▶ [Exercise material]
= = = =
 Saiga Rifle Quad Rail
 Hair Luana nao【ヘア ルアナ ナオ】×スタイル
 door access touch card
= = = =
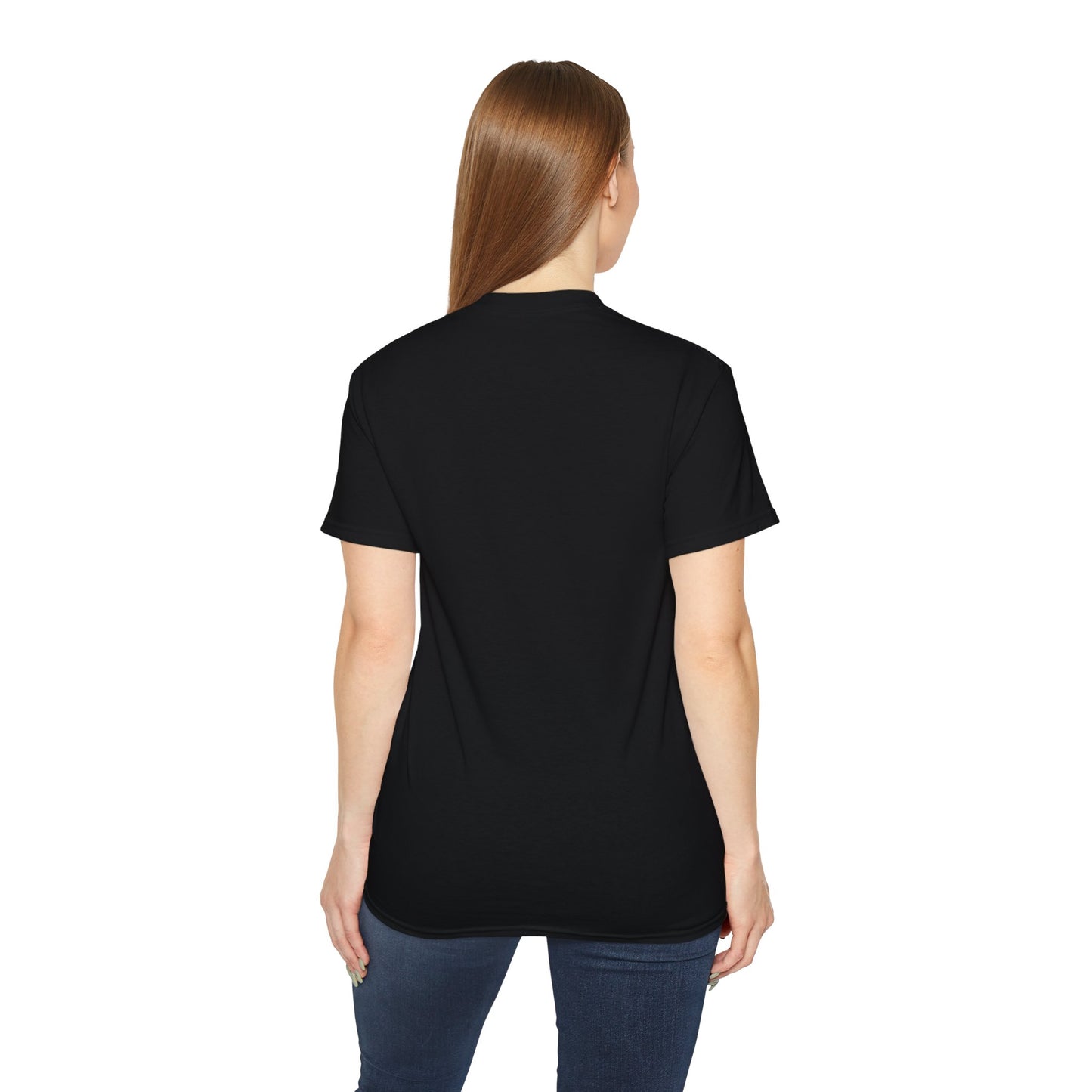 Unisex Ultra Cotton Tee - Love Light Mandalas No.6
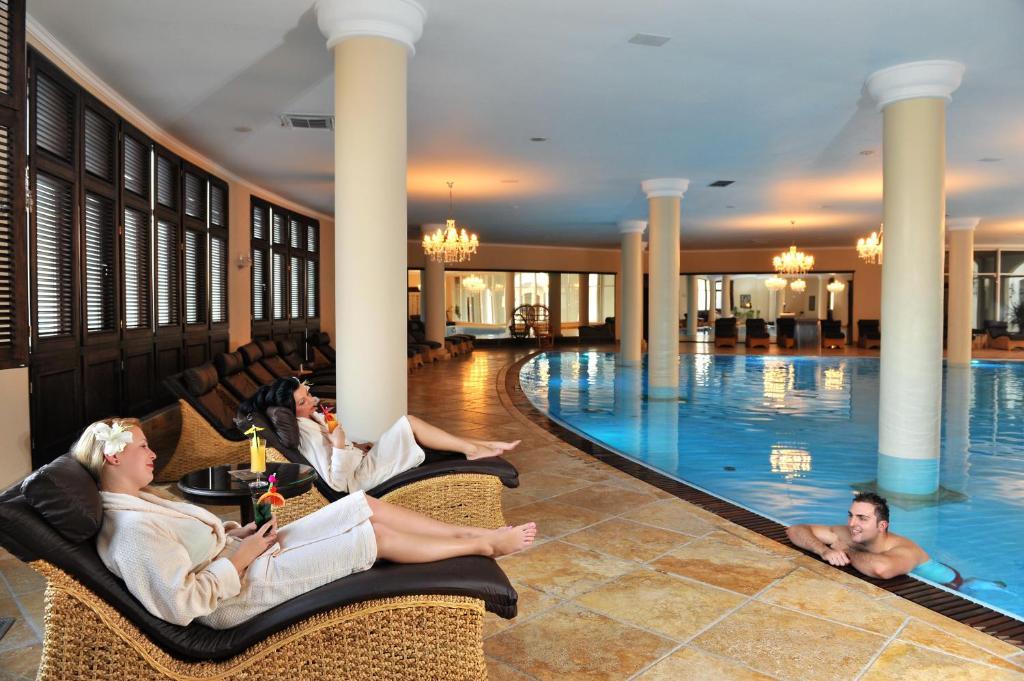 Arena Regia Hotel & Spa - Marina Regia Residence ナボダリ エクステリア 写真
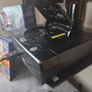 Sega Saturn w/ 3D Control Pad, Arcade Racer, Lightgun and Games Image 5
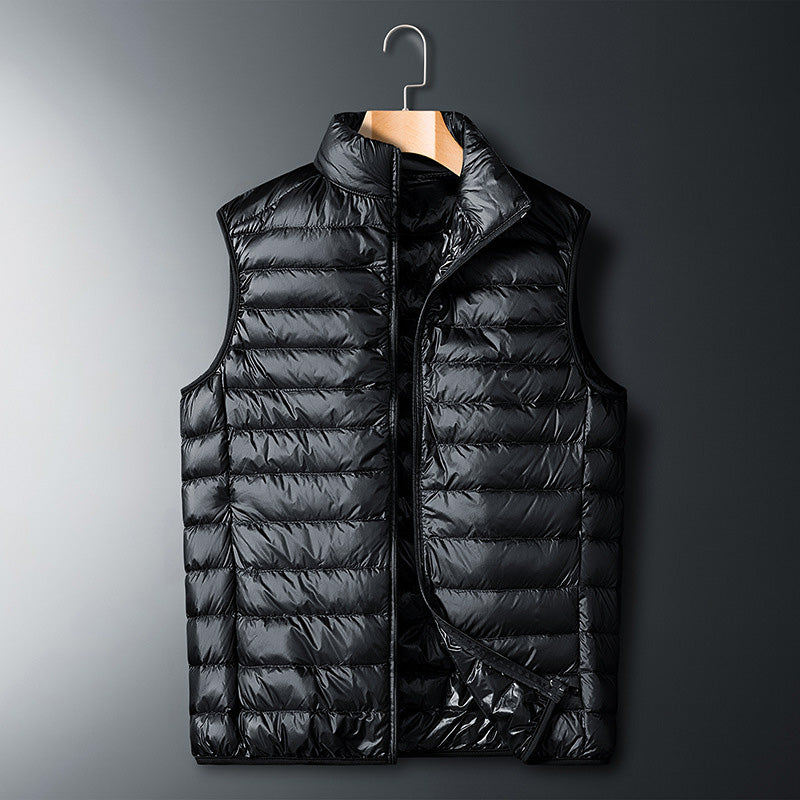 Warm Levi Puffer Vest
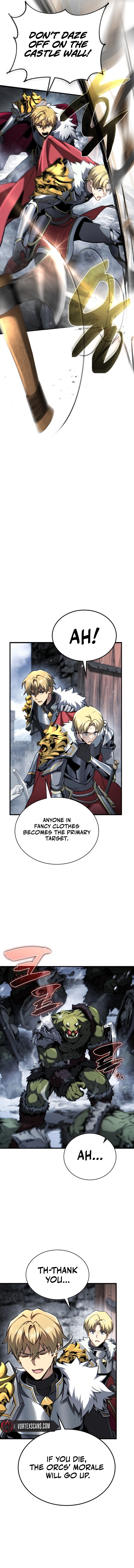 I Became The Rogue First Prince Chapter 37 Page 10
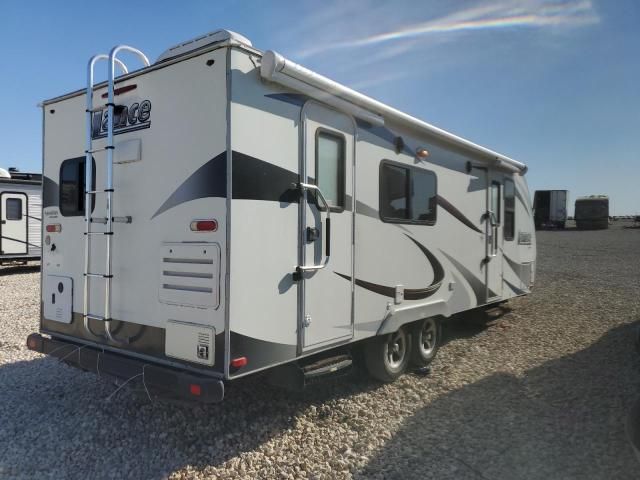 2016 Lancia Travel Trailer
= = = =
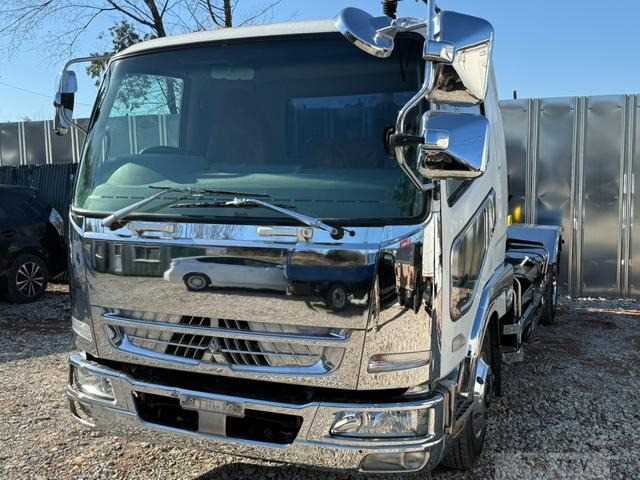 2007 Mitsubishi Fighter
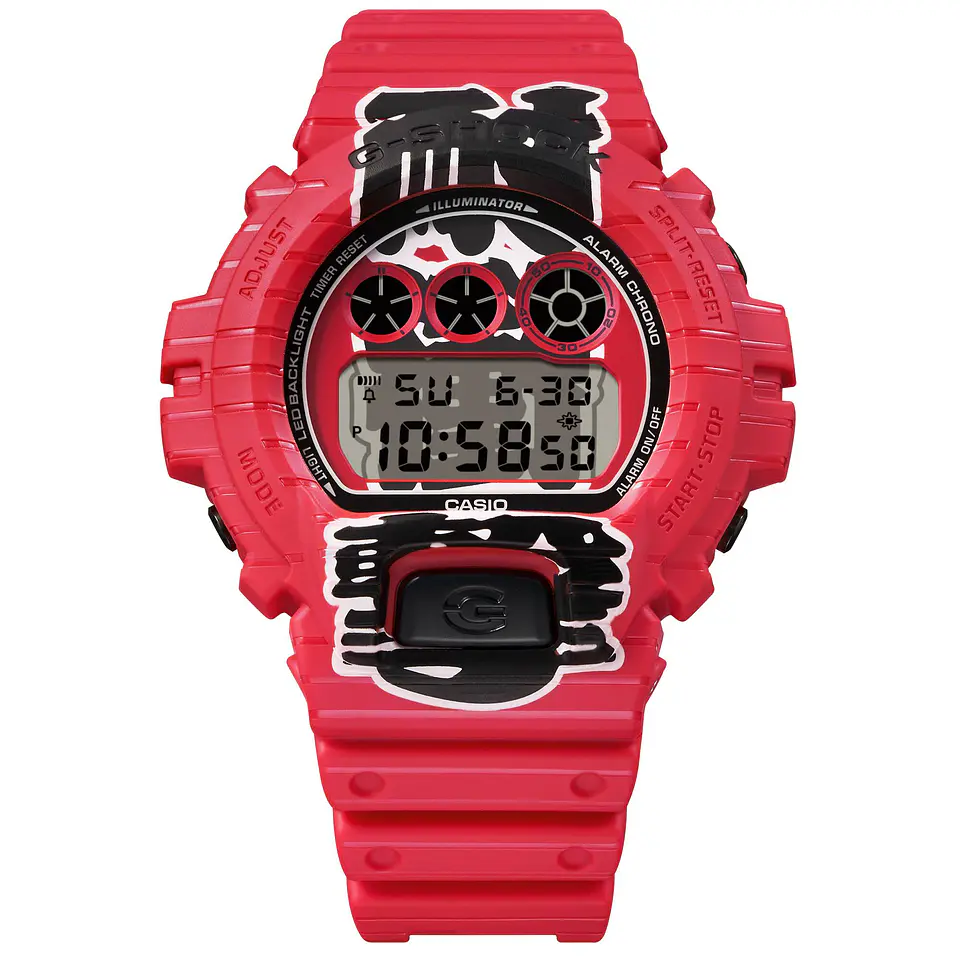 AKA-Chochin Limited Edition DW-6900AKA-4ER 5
= = = =
▶ [Work to complete]
Word for word, restate the lines of the data above that fall between the line holding "Saiga Rifle Quad Rail" and the line holding "door access touch card", inclusive, and no other lines.

▶ [Answer to this exercise]
 Saiga Rifle Quad Rail
 Hair Luana nao【ヘア ルアナ ナオ】×スタイル
 door access touch card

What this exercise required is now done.